* THE TASK
Without including any images, please transcribe all the lines below exactly.

* GIVEN INFORMATION
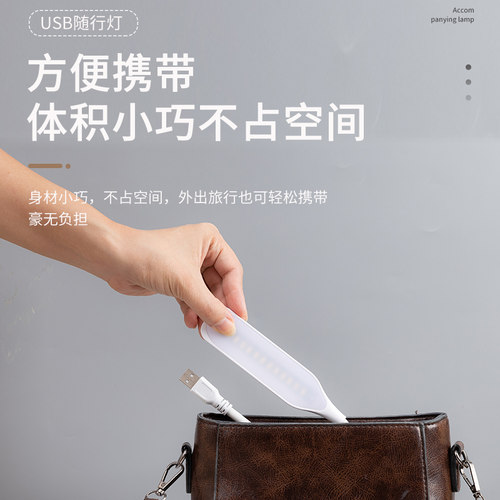 大功率usb灯超亮led护眼台灯学习专用儿童宿舍充电宝供电小夜灯 - 图1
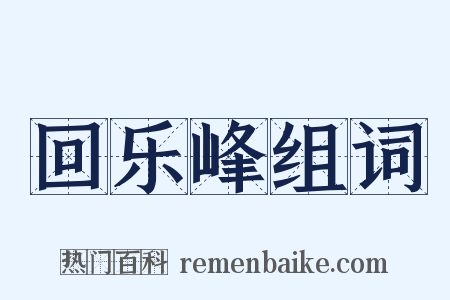 回乐峰组词是什么意思的图片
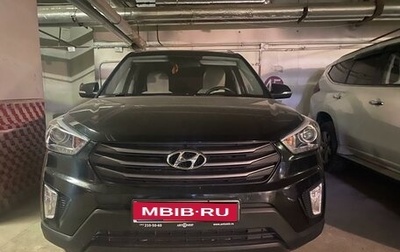 Hyundai Creta I рестайлинг, 2017 год, 2 250 000 рублей, 1 фотография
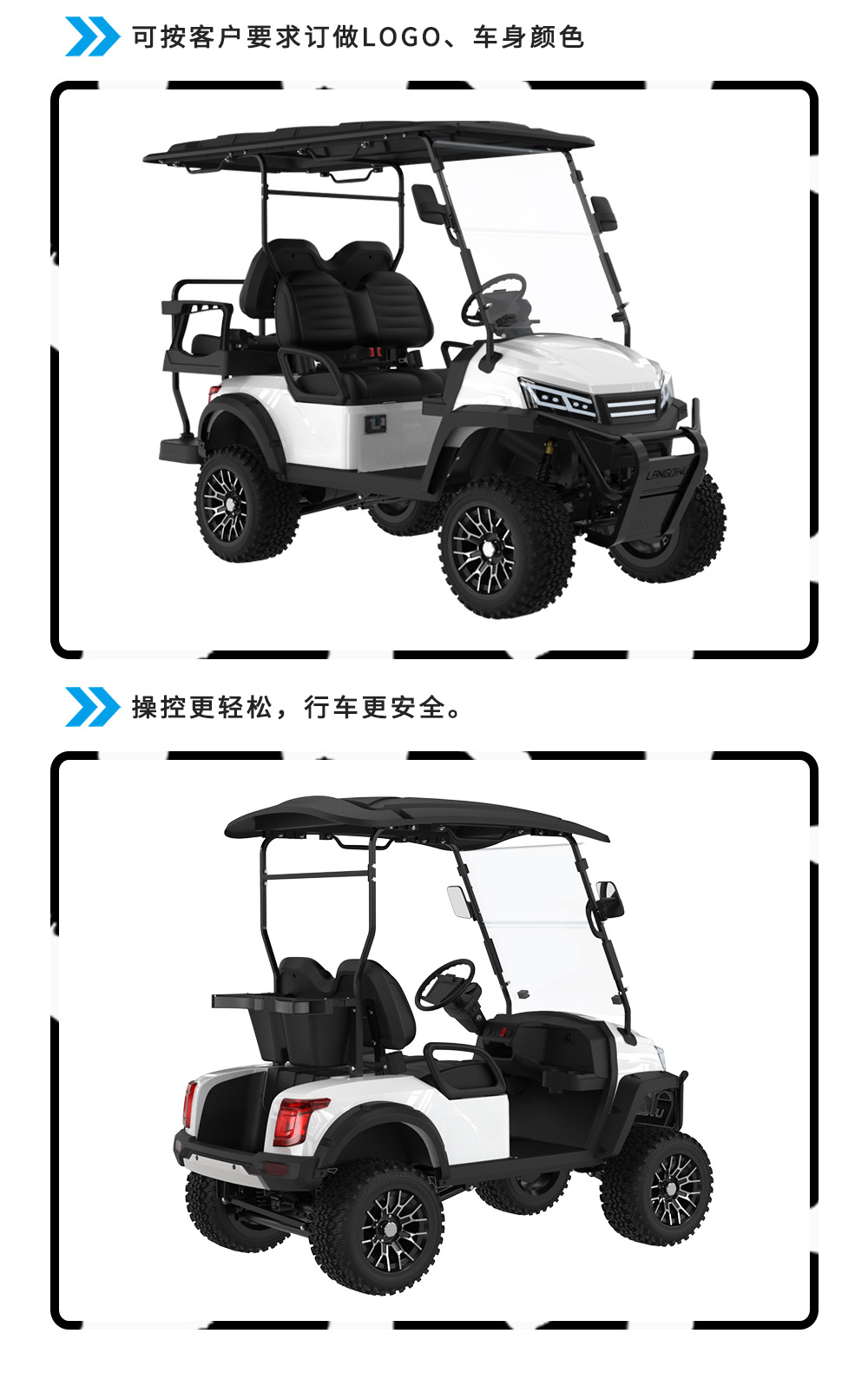 Langqing Golf Cart, Guesthouse Shuttle, Hotel Shuttle, Farm Tour Cart, Off-Road Golf Cart, Export Sightseeing Cart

* ANSWER BOX
 大功率usb灯超亮led护眼台灯学习专用儿童宿舍充电宝供电小夜灯 - 图1
 回乐峰组词是什么意思的图片
 Hyundai Creta I рестайлинг, 2017 год, 2 250 000 рублей, 1 фотография
 Langqing Golf Cart, Guesthouse Shuttle, Hotel Shuttle, Farm Tour Cart, Off-Road Golf Cart, Export Sightseeing Cart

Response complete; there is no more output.